Kafka distributed cluster installation: ansible one-click installation, strong migration

Introduction to Kafka

Apache Kafka is a distributed stream processing platform. What exactly does this mean?
We know that the stream processing platform has the following three characteristics:

  1. Allows you to publish and subscribe to streaming records. This aspect is similar to message queues or enterprise messaging systems.
  2. It can store streaming records and has better fault tolerance.
  3. Streaming records can be processed as they are generated.
    What scenarios is Kafka suitable for?
    It can be used in two broad categories of applications:
  4. Construct real-time streaming data pipelines that reliably ingest data between systems or applications. (equivalent to message queue)
  5. Build real-time streaming applications to transform or influence these streaming data. (It is stream processing, through internal changes between kafka stream topic and topic)
    In order to understand how Kafka achieves the above-mentioned functions, starting from the following, we will explore the characteristics of Kafka in depth. .
    First some concepts:

    ? Kafka, as a cluster, runs on one or more servers.
    ? Kafka classifies stored streaming data through topics.
    ? Each record contains a key, a value and a timestamp.
    Kafka has four core APIs:
    ? The Producer API allows an application to publish a stream of data to one or more Kafka topics.
    ? The Consumer API allows an application to subscribe to one or more topics and process streaming data published to them.
    ? The Streams API allows an application to act as a stream processor, consuming input streams generated by one or more topics, and then producing an output stream to one or more topics, performing effective conversions on the input and output streams.
    ? The Connector API allows building and running reusable producers or consumers to connect Kafka topics to existing applications or data systems. For example, connect to a relational database and capture all changes to a table.

Distributed
Log partitions (distributed) on servers in the Kafka cluster. Each server shares these partitions when processing data and requests. Each partition is backed up on a configured server to ensure fault tolerance.
Each partition has one server as the “leader” and zero or more servers as follwers. The leader server handles all read and write requests to the partition, while followers only need to passively synchronize the data on the leader. When the leader goes down, one of the servers in the followers will automatically become the new leader. Each server will become the leader of some partitions and the follower of some partitions, so the load of the cluster is balanced.

Producer
Producers can publish data to selected topics. The producer is responsible for assigning records to which partition of the topic. Load balancing can be achieved simply using a round-robin approach, or it can be done based on some semantic partitioning function (for example, the key in the record). More about the use of partitions will be introduced below.

Consumer
Consumers are identified by a consumer group name, and each record published to a topic is assigned to a consumer instance in the subscribed consumer group. Consumer instances can be distributed among multiple processes or on multiple machines.

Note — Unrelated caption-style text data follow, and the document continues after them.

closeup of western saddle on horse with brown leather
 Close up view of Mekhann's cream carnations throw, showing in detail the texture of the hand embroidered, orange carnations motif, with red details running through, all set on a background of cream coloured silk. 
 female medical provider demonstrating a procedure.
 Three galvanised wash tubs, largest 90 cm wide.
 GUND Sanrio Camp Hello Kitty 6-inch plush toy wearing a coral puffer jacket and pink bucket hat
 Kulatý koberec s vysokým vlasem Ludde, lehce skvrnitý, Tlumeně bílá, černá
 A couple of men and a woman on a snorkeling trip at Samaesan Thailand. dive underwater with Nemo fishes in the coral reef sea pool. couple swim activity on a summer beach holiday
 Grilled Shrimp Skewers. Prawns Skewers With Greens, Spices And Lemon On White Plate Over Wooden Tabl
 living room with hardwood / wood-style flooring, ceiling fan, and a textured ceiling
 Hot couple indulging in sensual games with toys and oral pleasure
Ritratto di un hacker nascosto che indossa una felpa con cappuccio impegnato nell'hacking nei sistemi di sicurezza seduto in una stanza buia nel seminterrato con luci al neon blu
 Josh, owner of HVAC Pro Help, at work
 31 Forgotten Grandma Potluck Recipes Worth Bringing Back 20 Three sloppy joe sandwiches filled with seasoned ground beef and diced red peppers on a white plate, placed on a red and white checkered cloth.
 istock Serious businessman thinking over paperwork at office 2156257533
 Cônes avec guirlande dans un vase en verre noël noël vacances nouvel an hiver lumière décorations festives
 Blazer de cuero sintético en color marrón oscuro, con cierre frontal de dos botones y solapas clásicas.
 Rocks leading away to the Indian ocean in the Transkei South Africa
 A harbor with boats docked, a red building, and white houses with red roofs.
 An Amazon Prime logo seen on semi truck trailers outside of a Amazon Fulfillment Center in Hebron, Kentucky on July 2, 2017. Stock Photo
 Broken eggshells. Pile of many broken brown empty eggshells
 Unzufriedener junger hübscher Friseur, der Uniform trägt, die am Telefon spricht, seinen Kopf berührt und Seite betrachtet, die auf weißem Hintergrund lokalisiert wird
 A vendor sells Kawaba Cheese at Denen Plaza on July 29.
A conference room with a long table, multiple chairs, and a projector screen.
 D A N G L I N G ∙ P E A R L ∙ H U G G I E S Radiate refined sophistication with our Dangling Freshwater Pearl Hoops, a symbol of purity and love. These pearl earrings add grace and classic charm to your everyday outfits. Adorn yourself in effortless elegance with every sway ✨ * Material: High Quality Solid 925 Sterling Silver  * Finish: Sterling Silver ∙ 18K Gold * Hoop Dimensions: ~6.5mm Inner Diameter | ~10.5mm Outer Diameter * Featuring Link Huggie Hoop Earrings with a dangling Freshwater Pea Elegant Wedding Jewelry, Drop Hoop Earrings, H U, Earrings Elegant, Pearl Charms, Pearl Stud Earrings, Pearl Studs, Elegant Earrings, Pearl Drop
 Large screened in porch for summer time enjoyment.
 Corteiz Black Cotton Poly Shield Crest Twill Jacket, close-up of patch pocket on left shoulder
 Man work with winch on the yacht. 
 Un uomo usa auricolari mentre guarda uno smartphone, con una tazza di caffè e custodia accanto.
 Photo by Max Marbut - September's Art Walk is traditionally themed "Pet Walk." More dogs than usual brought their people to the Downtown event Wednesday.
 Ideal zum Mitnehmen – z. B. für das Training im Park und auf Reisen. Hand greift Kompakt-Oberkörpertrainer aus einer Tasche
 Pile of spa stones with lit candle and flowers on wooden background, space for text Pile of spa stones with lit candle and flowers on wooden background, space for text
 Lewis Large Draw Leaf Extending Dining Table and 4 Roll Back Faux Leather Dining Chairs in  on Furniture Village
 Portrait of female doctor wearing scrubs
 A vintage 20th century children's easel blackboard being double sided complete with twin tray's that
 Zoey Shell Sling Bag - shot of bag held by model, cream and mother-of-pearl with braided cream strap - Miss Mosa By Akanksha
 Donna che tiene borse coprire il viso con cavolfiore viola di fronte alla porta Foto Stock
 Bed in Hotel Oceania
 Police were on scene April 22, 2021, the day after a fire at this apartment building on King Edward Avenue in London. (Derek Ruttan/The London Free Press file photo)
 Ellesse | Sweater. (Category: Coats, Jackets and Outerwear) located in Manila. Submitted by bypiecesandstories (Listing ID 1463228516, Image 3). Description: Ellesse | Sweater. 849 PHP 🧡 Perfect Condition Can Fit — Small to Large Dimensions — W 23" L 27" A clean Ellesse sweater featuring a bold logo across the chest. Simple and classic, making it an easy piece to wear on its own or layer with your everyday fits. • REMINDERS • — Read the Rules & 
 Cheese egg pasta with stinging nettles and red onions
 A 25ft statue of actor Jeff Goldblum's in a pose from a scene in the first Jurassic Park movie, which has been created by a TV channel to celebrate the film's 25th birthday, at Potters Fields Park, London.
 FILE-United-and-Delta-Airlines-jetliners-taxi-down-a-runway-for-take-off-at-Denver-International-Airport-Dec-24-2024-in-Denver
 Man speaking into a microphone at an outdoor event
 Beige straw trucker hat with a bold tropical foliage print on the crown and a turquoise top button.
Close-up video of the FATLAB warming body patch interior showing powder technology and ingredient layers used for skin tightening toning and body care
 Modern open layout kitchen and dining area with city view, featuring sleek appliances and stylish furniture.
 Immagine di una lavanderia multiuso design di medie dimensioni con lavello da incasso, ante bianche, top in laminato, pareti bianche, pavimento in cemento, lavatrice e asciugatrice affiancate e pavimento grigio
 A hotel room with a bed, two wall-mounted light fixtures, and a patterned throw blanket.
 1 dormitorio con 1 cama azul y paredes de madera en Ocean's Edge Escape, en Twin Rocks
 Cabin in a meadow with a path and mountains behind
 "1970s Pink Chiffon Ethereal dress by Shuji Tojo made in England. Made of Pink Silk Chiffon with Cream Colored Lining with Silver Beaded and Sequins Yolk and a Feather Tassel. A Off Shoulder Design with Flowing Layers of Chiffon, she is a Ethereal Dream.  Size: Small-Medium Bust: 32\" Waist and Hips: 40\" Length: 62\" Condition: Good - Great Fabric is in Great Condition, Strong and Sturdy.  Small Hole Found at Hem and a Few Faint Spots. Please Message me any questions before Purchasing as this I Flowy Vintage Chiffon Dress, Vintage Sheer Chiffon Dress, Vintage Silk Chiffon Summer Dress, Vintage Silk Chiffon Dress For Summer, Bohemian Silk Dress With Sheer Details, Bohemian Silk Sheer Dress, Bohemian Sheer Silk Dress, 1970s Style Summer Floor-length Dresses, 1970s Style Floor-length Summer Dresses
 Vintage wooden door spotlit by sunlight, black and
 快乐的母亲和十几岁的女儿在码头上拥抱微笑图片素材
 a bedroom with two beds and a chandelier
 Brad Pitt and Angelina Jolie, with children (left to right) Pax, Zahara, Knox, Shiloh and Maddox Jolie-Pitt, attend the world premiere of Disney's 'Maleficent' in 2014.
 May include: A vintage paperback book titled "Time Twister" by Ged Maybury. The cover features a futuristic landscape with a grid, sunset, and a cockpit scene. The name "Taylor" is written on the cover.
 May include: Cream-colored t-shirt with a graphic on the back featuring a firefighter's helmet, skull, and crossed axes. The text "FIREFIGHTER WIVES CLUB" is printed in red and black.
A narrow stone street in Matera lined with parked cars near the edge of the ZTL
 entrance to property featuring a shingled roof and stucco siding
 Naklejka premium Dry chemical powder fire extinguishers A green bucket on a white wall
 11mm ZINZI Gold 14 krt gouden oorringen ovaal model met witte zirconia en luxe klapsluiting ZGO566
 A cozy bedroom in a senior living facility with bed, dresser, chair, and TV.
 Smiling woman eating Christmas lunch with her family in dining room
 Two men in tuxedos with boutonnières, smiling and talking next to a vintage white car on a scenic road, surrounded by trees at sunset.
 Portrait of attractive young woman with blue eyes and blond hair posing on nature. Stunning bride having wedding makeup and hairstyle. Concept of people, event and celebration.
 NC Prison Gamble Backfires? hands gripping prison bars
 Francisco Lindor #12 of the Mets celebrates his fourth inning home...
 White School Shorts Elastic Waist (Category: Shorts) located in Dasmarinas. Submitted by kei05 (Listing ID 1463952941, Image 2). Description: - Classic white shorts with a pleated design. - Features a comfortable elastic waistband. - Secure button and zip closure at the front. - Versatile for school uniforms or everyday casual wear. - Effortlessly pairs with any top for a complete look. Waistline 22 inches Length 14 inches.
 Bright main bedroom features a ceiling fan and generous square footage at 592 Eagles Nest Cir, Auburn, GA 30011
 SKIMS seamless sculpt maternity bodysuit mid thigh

If all consumer instances are in the same consumer group, message logging will be load balanced to each consumer instance.

If all consumer instances are in different consumer groups, each message record will be broadcast to all consumer processes.

Some key terms of kafka:

? Producer: Producer, message generation and sending end.

? Broker: Kafka instance. Multiple brokers form a Kafka cluster. Usually one Kafka instance is deployed on a machine. If one instance fails, other instances will not be affected.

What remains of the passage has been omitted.